Due to the prolonged nature of the Sudanese conflicts there are a huge number of small arms in Sudan which can be easily obtained/utilised, decreasing the development time for any escalation of hostilities and increasing the likelihood of descent into civil conflict.




Given the current political and security climate we recommend against any and all travel to the region. Although protests started out peaceful they are quickly turning violent with the military opening fire on protestors, the death toll has reached well over 100. There is a very real possibility, as openly suggested by the former Prime Minister that the military will seek to further entrench power if provoked by further protests, this will undoubtedly result in further violence and potentially spiral into civil war. There is also the possibility that the deputy leader of the TMC, who is the commander of the RSF, might attempt a coup against the head of the TMC and defence minister. The chances for de-escalation and eventual peace and stability are slim in the short term.

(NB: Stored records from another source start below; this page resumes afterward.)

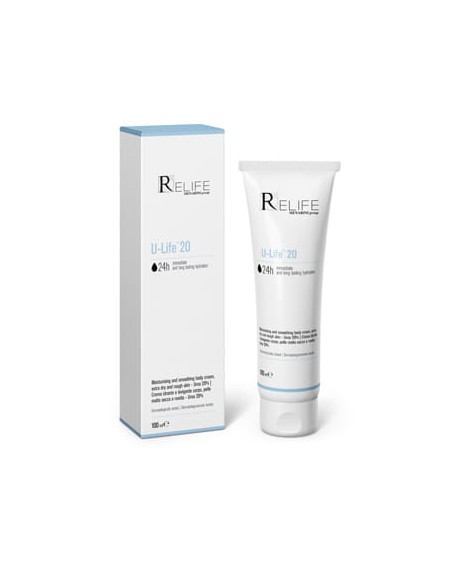 U Life 20 Crema 100 Ml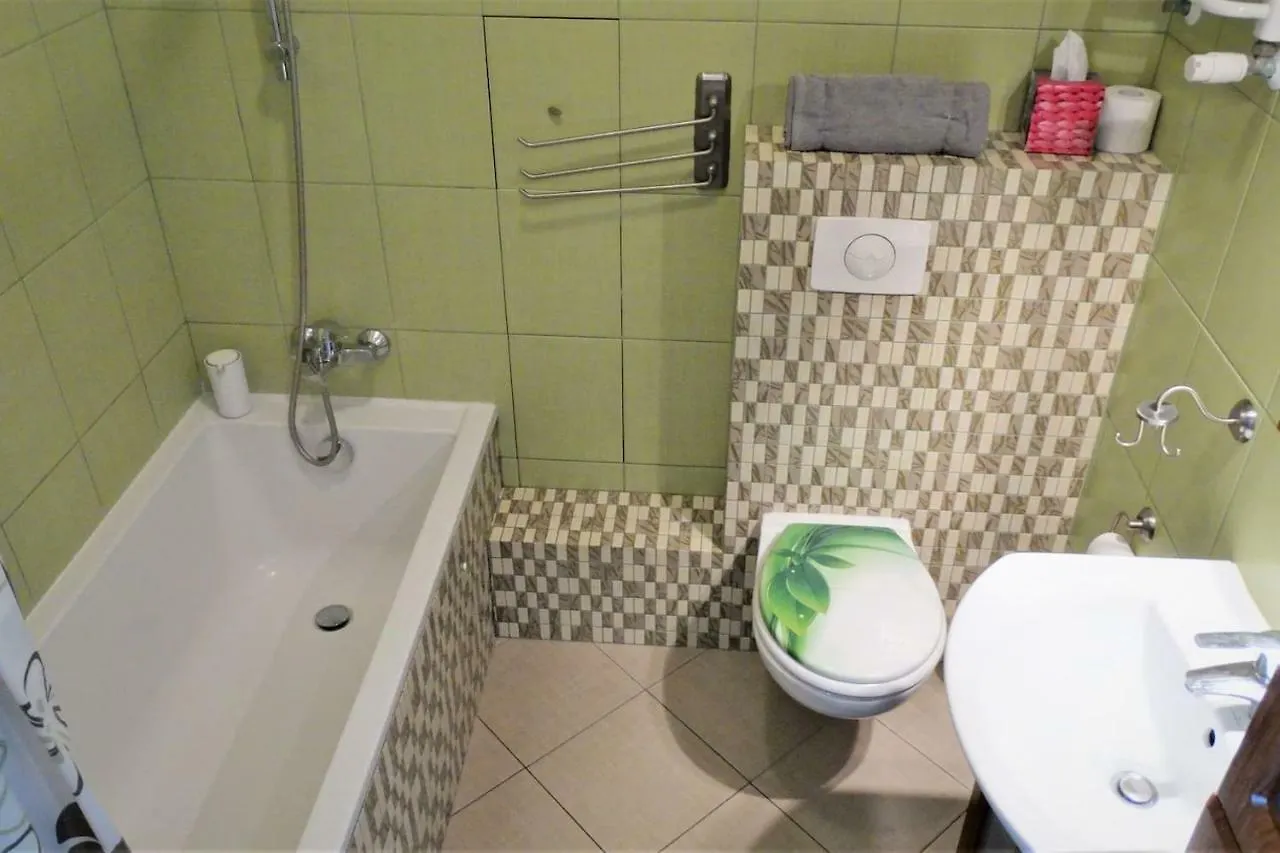 Plocka Center Apartment Warsaw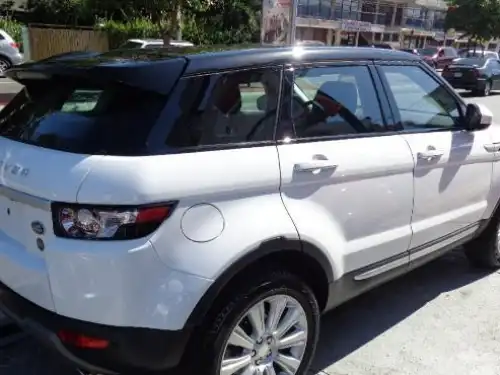 Land Rover Range Rover EVOQUE 2014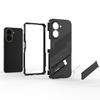 Für Redmi A5 4G Hülle Punk Stlye Handyhalter Schutzhülle Armor Bumper Case Für Redmi A5 4G Hülle Für Redmi A5 4G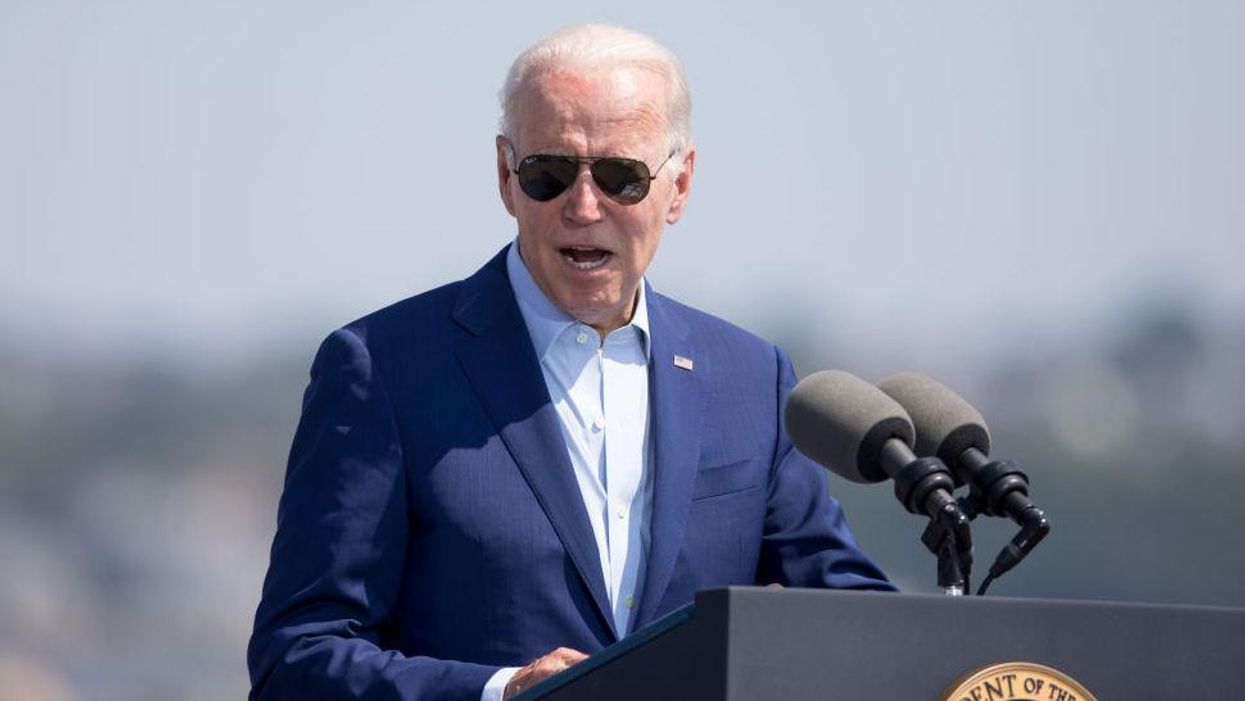NBC reporter trips over facts when using Joe Biden's COVID-19 infection to slam Donald Trump: 'Let's remember'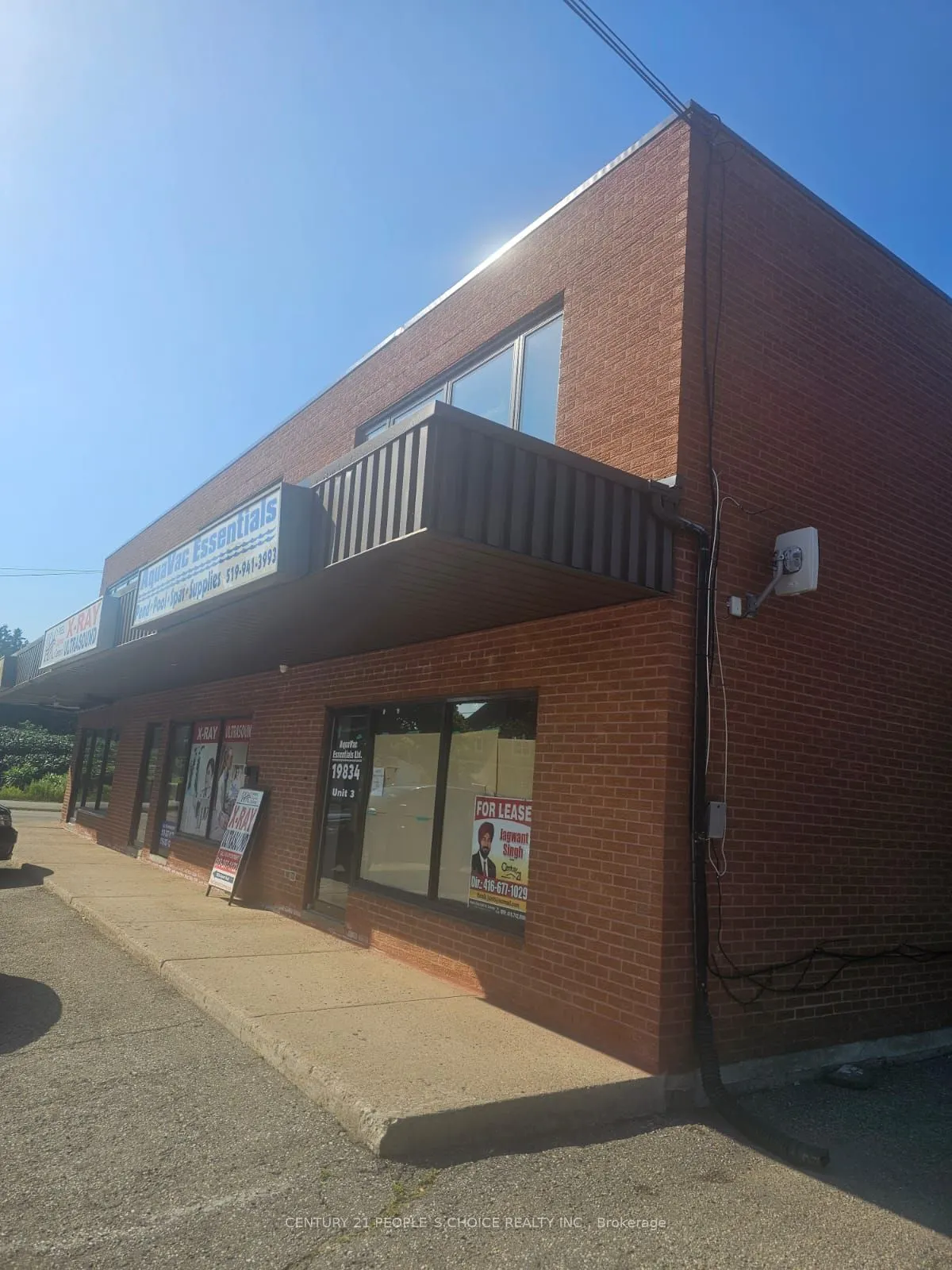 19834 Airport Road, #3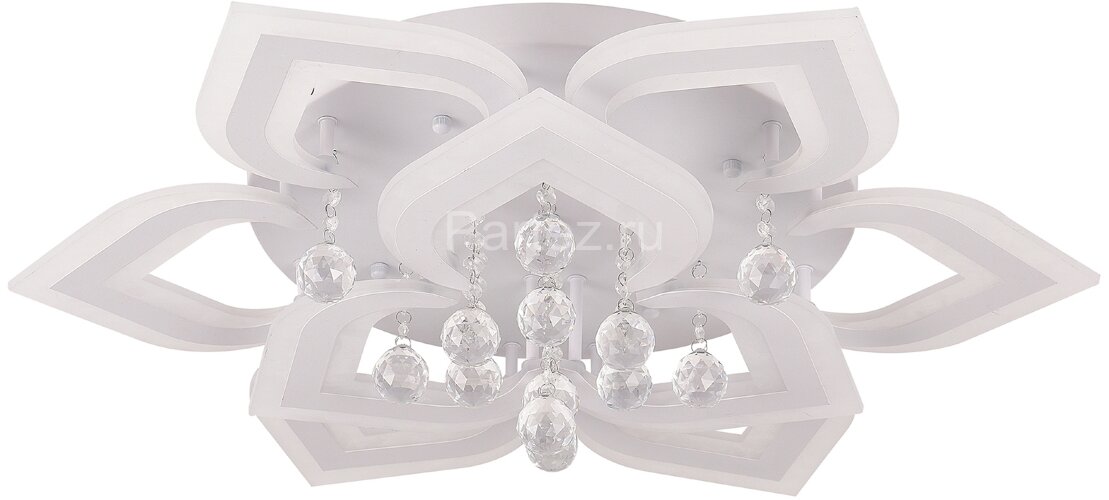 Потолочная люстра Natali Kovaltseva LED LAMPS 81158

Sudan has a long history of hosting training camps for terror groups dating back to the early 1990s when Osama Bin Laden came to the country and built the infrastructure for a training camp, as well as setting up a business and finance network. Since then Sudan has provided military training camps to Hezbollah, Hamas, other Palestinian armed groups as well as several Islamic groups across the Middle East, North Africa and East Africa regions. Though it does experience terror attacks, they are infrequent in comparison to other more terror-prone countries nearby, this may all change with the growing instability in the country. Sudan is the third-largest African country, it provides ample space for terror groups to hide, part of the reason it has suffered so long with insurgencies. As Islamic State declines in Iraq and Syria it’s surviving fighters, financiers and ideologues will be looking for somewhere to reorganise and rehabilitate. A fractured Sudan is the perfect incubator for a resurgent Islamic State. Regardless of who assumes control of Sudan they will inherit economic conditions which are ideal for recruitment into, and exploitation by Islamist extremists and insurgencies. The first step in tackling this issue will be to improve the economic conditions felt by the poorest, and to drive toward an inclusive political process.